Really nice Raleigh!


----------



## oakbend (Jan 15, 2013)

Very nice Mr. Tabor I really like the handles.


----------



## jbrooker (Jan 15, 2013)

Looks nice Mr. Tabor.


----------



## John I. Shore (Jan 15, 2013)

Good job Raleigh, looks great.

John I.


----------



## fishbum2000 (Jan 15, 2013)

That is really nice


----------



## Razor Blade (Jan 15, 2013)

Looking good RT


----------



## flintlocker (Jan 15, 2013)

Great looking rig!


----------



## tedsknives (Jan 15, 2013)

Nice Raleigh


----------



## Horns (Jan 15, 2013)

Nice.


----------



## wvdawg (Jan 15, 2013)

Mighty fine little outfit RT!


----------



## godogs57 (Jan 15, 2013)

Great job on both the sheath and the knife Raleigh! ten on a scale of ten.


----------



## whitetailfreak (Jan 15, 2013)

very nice


----------



## boneboy96 (Jan 15, 2013)

Great combo of Gemsbok and leather Raleigh!


----------



## fishnfool (Jan 15, 2013)

That is a piece of art right there!


----------



## sharpeblades (Jan 16, 2013)

Thank you ;Buddy-Mark-Oakbend-John-Fishbum-Scott-Flintlocker-Dennis


----------



## mrs. hornet22 (Jan 16, 2013)

Beautiful!


----------



## blademan (Jan 16, 2013)

very nice work Raleigh!


----------



## gobbler getter (Jan 16, 2013)

me likey


----------



## sengdigger (Jan 18, 2013)

Outsatnding, really nice knife as all your knives are.


----------



## savreds (Jan 18, 2013)

That has got to be in the top couple of ones that I've seen you post. Beautiful!!!


----------



## Inthegarge (Jan 18, 2013)

Man, your killing me !!!! Everytime I see one of these knives I start having withdrawals....Maybe soon I can afford for you to make me one.....Exceptionally nice work everytime........


----------



## rjcruiser (Jan 18, 2013)

Pretty...pretty...pretty.

The silver pins and polished blade just pop with that dark wood in the handle.  

Very nice.


----------



## sharpeblades (Jan 20, 2013)

Thank you -Hank-Whitetailfreak-Bob-Fishinfool-Mandy-Blademan-Gobblergetter-Sengdigger-Savreds-Inthegrage-Rjcruiser


----------



## TNGIRL (Jan 21, 2013)

That gemsbok sure made a very cool handle. I like the red liner too!
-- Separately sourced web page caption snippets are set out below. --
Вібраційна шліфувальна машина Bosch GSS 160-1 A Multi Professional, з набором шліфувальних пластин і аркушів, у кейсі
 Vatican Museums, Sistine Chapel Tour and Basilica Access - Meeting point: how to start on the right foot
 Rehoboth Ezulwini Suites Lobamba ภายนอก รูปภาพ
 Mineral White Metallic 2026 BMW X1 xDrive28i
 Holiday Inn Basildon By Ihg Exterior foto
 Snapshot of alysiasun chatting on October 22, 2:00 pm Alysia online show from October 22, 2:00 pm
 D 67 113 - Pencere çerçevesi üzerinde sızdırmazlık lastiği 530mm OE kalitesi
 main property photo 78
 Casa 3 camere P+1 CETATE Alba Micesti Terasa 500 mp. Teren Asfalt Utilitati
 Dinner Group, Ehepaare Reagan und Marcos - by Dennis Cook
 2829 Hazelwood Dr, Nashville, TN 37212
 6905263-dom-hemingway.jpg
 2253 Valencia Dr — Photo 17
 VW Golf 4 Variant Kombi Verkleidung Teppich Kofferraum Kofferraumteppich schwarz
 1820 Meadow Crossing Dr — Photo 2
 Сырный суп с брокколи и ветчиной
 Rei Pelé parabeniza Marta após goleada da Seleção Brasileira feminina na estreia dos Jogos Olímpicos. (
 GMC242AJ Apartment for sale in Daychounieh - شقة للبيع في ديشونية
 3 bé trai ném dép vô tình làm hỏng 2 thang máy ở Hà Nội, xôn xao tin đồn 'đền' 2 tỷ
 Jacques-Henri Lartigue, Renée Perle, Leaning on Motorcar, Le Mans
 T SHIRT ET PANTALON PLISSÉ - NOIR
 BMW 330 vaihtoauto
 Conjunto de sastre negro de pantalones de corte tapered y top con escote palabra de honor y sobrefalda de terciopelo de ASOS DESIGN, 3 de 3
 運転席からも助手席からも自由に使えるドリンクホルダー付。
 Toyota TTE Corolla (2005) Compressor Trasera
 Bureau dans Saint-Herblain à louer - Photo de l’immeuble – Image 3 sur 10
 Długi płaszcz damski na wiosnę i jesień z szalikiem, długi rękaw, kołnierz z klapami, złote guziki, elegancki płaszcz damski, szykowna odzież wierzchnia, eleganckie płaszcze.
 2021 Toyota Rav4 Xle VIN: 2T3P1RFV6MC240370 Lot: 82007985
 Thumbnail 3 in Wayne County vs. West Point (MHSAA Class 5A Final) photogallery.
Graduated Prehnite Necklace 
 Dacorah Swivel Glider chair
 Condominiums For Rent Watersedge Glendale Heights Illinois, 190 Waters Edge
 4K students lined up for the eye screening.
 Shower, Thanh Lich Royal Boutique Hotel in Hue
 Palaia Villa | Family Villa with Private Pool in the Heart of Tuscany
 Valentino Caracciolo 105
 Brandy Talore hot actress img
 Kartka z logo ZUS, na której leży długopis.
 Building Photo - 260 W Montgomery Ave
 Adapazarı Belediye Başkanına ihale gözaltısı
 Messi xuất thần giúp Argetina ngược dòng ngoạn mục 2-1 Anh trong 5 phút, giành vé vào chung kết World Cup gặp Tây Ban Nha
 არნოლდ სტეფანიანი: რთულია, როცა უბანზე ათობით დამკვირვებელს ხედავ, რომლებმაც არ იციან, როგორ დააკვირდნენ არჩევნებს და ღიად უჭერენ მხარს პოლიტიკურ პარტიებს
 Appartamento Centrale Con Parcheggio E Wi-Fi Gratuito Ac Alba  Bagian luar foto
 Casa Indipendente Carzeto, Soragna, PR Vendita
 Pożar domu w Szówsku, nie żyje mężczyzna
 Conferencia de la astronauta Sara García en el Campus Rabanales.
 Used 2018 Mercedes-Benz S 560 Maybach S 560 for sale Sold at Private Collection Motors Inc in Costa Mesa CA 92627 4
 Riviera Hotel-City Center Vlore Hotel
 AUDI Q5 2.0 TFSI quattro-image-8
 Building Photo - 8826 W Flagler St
A fine knife for sure!!!!


----------



## sharpeblades (Jan 22, 2013)

Tomi ;Thank you mam


----------



## woodyjim (Jan 23, 2013)

sweet knife man. dont usually like the shiny steel,but you made a believer. even crocodile dundee says thats a knife!


----------



## SapeloJoeBro (Jan 23, 2013)

Very nice as always.  Really like the handle.  You amaze me.


----------